***** Records for this task

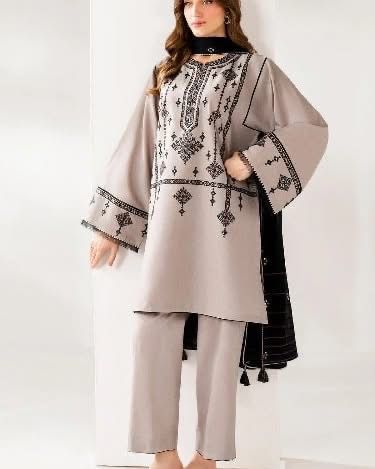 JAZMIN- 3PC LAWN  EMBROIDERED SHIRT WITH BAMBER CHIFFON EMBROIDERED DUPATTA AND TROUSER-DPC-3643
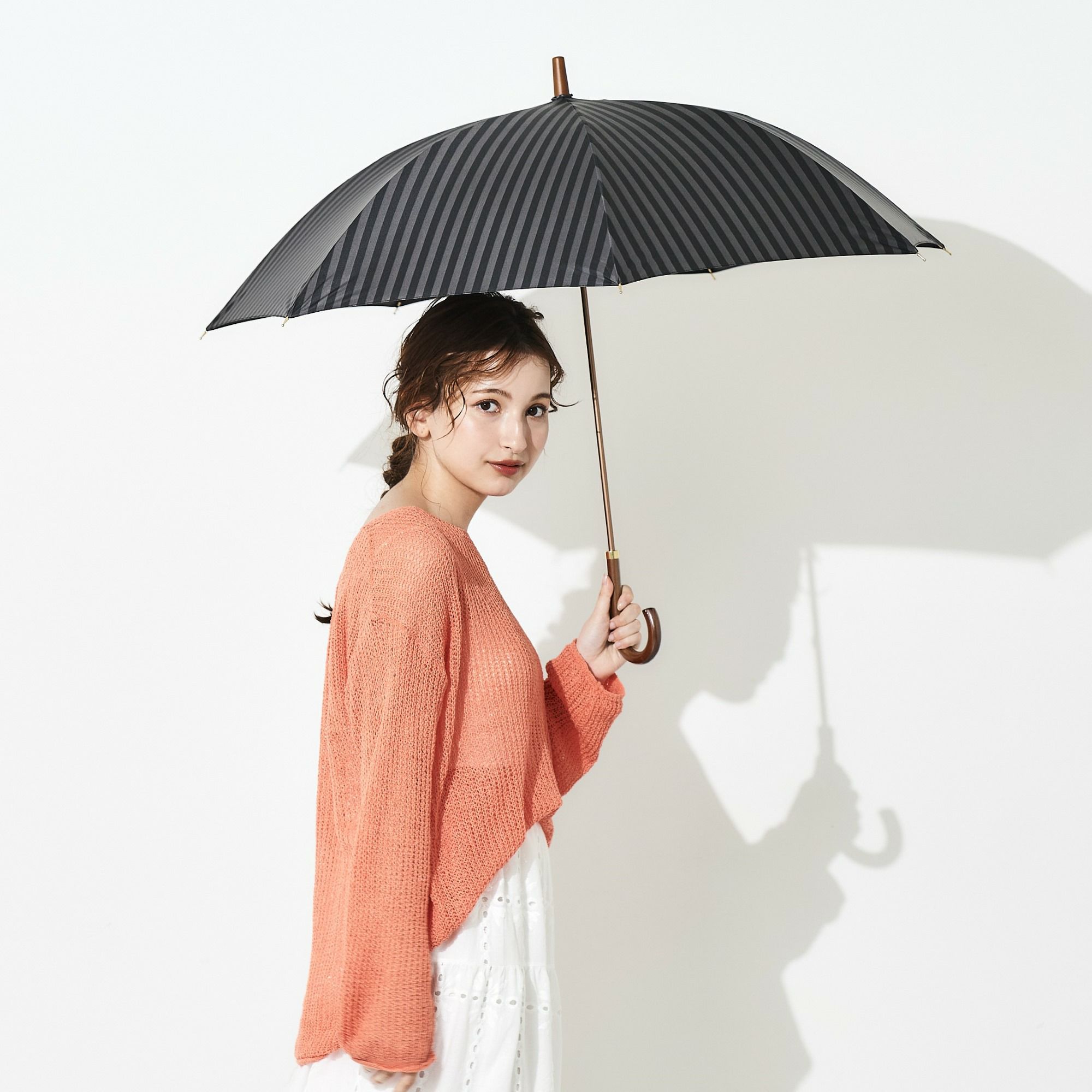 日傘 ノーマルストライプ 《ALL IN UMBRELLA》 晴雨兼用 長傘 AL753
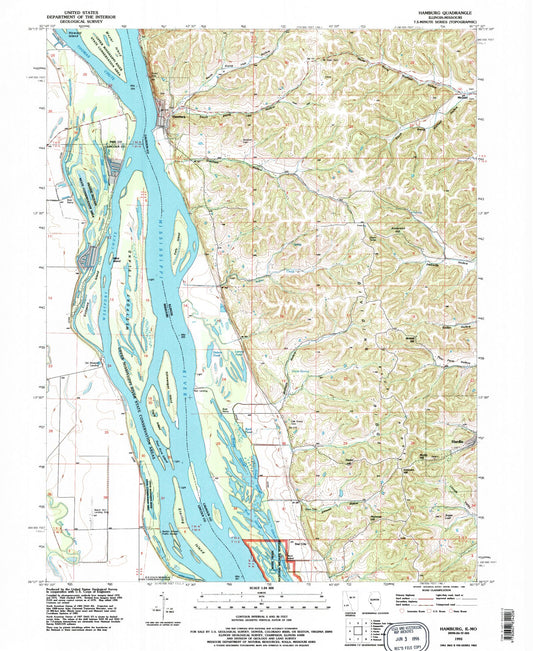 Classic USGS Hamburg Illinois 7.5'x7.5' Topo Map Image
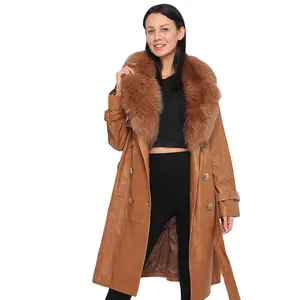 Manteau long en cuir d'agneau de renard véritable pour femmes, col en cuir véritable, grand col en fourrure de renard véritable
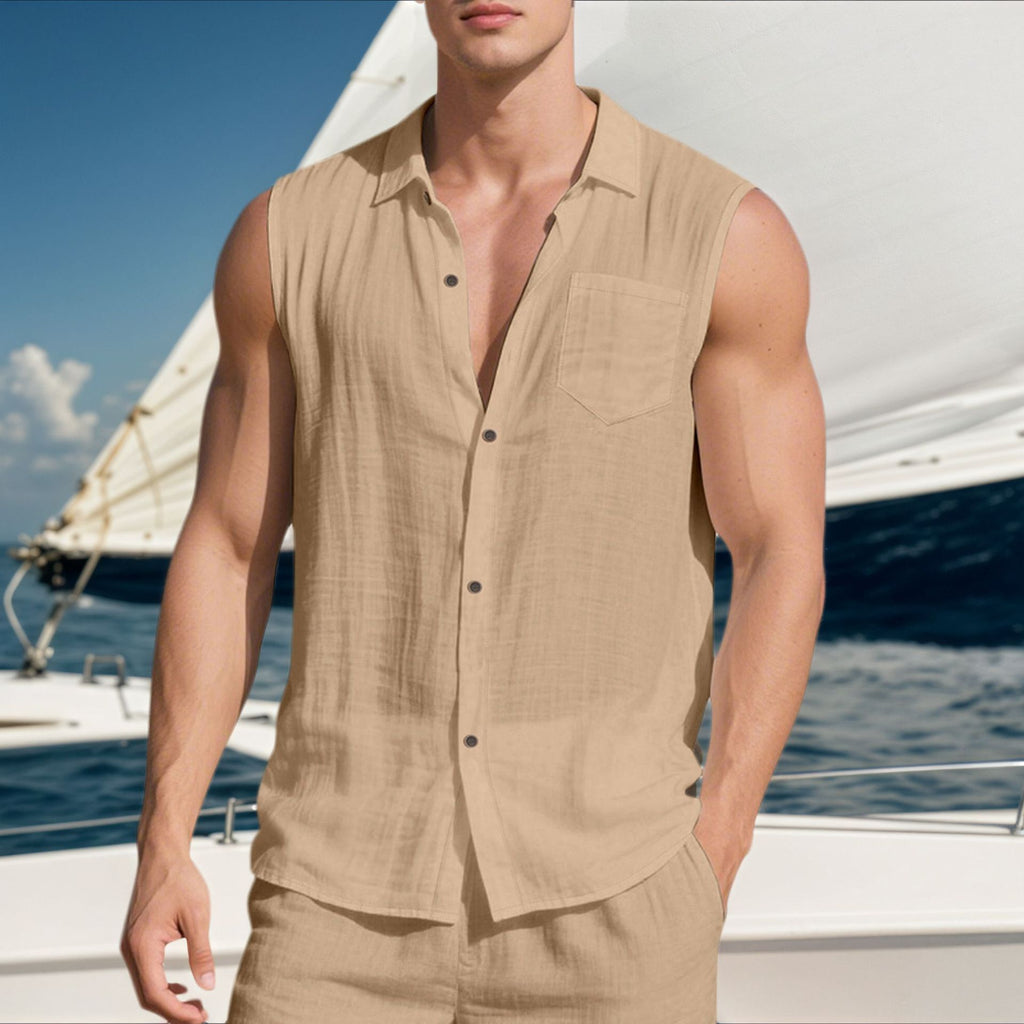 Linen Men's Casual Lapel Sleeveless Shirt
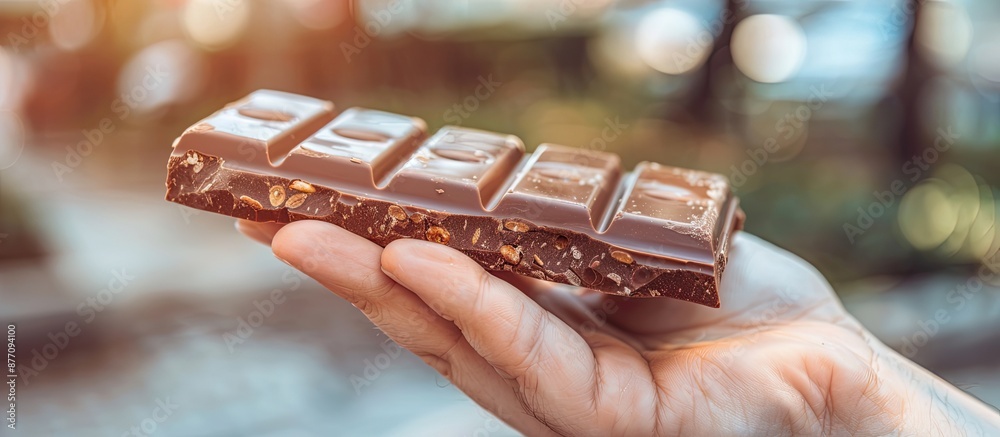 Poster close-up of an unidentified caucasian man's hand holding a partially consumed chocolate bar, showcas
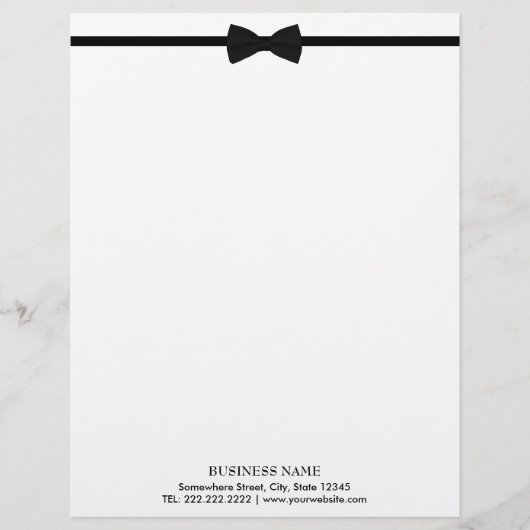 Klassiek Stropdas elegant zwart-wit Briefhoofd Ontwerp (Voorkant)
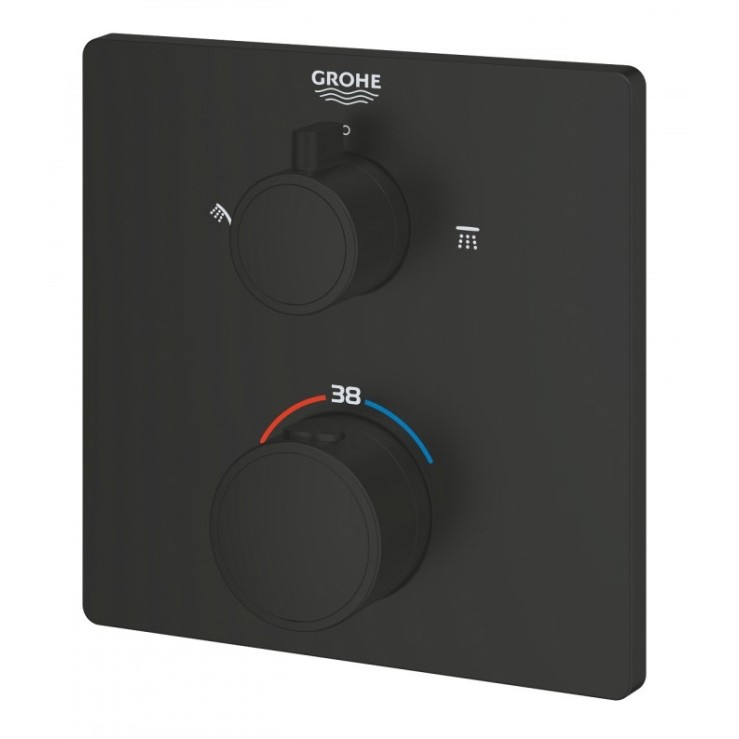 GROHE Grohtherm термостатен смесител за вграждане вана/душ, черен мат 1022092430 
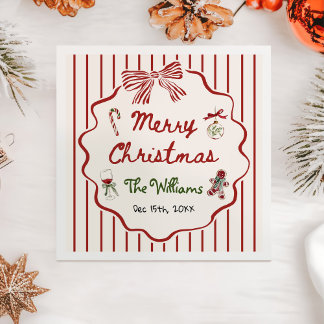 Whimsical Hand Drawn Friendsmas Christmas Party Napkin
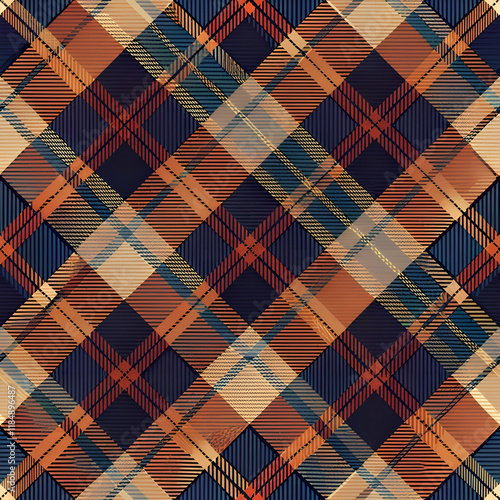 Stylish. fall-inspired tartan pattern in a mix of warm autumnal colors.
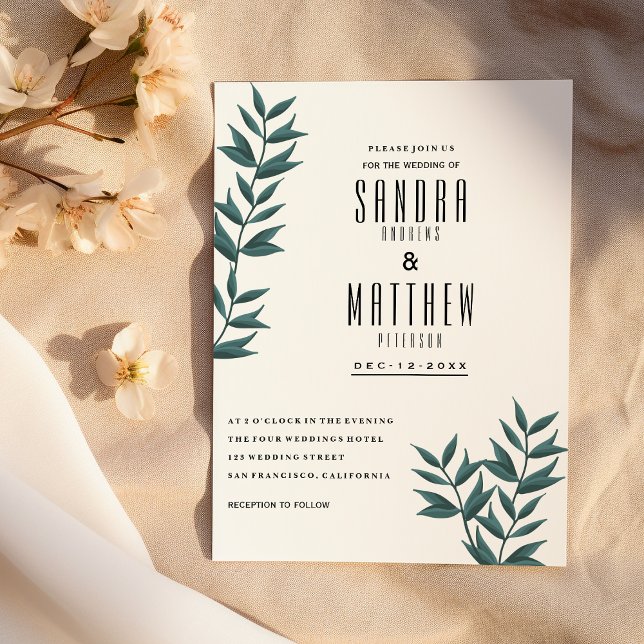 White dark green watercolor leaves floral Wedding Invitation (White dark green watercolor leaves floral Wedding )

**********

### Task to carry out
Return the data exactly as it stands, minus the pictures.

### Result below
 JAZMIN- 3PC LAWN  EMBROIDERED SHIRT WITH BAMBER CHIFFON EMBROIDERED DUPATTA AND TROUSER-DPC-3643
 日傘 ノーマルストライプ 《ALL IN UMBRELLA》 晴雨兼用 長傘 AL753
 Classic USGS Hamburg Illinois 7.5'x7.5' Topo Map Image
 Manteau long en cuir d'agneau de renard véritable pour femmes, col en cuir véritable, grand col en fourrure de renard véritable
 Linen Men's Casual Lapel Sleeveless Shirt
 Poster close-up of an unidentified caucasian man's hand holding a partially consumed chocolate bar, showcas
 Klassiek Stropdas elegant zwart-wit Briefhoofd Ontwerp (Voorkant)
 GROHE Grohtherm термостатен смесител за вграждане вана/душ, черен мат 1022092430 
 Whimsical Hand Drawn Friendsmas Christmas Party Napkin
 Stylish. fall-inspired tartan pattern in a mix of warm autumnal colors.
 White dark green watercolor leaves floral Wedding Invitation (White dark green watercolor leaves floral Wedding )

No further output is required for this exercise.